Your task is to restate word for word the lines in the material below, from the one with "Providence: Sequel" up to and including the one with "Discover Nature in". Do not carry over the pictures.

== Dataset entries ==
^^^^

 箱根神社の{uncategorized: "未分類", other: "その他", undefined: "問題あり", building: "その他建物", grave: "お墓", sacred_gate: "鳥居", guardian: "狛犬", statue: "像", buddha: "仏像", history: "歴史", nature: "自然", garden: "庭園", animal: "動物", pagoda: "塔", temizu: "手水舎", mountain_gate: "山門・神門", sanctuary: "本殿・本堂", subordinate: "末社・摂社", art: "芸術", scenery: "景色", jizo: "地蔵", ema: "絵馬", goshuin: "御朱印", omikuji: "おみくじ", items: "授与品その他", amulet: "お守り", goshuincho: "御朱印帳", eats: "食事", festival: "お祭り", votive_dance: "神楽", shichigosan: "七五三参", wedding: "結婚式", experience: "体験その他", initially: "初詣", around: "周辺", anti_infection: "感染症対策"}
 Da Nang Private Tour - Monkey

^^^^

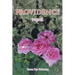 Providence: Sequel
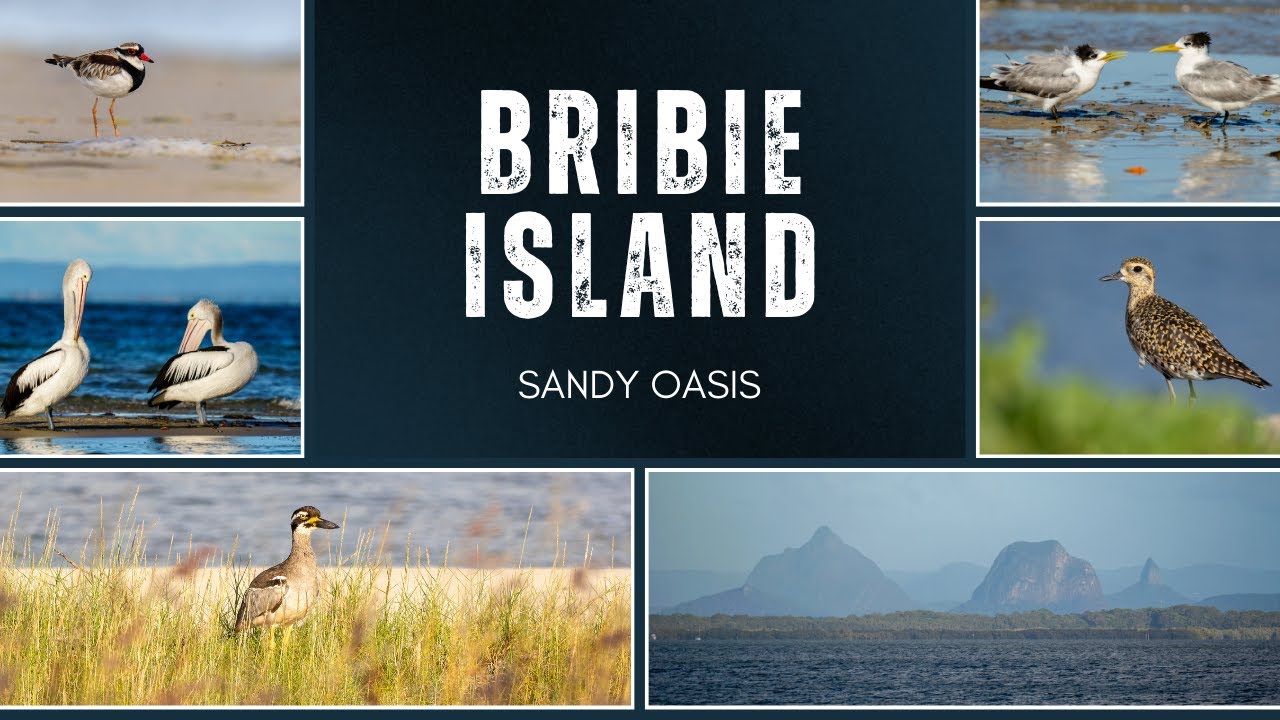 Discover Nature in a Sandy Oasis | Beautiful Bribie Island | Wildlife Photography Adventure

^^^^

== Task output ==
 Providence: Sequel
 Discover Nature in a Sandy Oasis | Beautiful Bribie Island | Wildlife Photography Adventure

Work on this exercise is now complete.